The guy I used to report to was a healthy eater too. In fact, he ate the same thing every day – blueberries and yoghurt for breakfast, sprinkled with flax (which would sit untouched – making his office smell sour and a little off, which was fitting). A dressing-free, organic steamed chicken, broccoli and chickpea salad for lunch. Rice cakes with a dab of soya spread for mid-afternoon snack. He would order in restaurants and never eat. Spending most of the meal on the phone outside. He exercised at 4.30am every day and was calling me by 6.30am whilst drinking a spirulina smoothie. I couldn’t understand how he stayed alive.Until the day we flew to Dublin together. I chanced upon him hiding behind a pillar in the departure lounge – tearing into a huge slab of three-cheese pizza. I liked him for the three minutes it took for him to wolf it down and mop the oil from his chin. But that was the end of our détente cordial. He never looked me in the eye again.

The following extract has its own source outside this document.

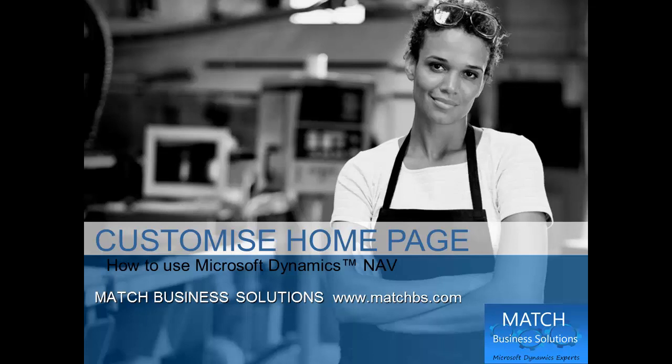In this presentation, we're going to look at how to customize the home page in Microsoft Dynamics NAV.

camparigirl has a fat-free figure. There is not a hint of it on her 5”6’ frame. She is leaner now than when we met 26 years ago. She could eat a Nutella and strawberry pastry without it ever showing. She could eat two. But she doesn’t.
I get that she lives in a city where the size of a hole in a donut is more important than the fun of eating around it. Where the inhabitants are waging an impossible competition with nature. Where 70 year old women look like line drawings of themselves at 20. But I think it is more than that.
In a town where you live or die by cockeyed standards, have-it-all Los Angelenos are looking for something to give their lives meaning. Somewhere along the line creating a beautiful corpse has become more important than living well.
And that’s a damn shame.
(All images found in the public domain.)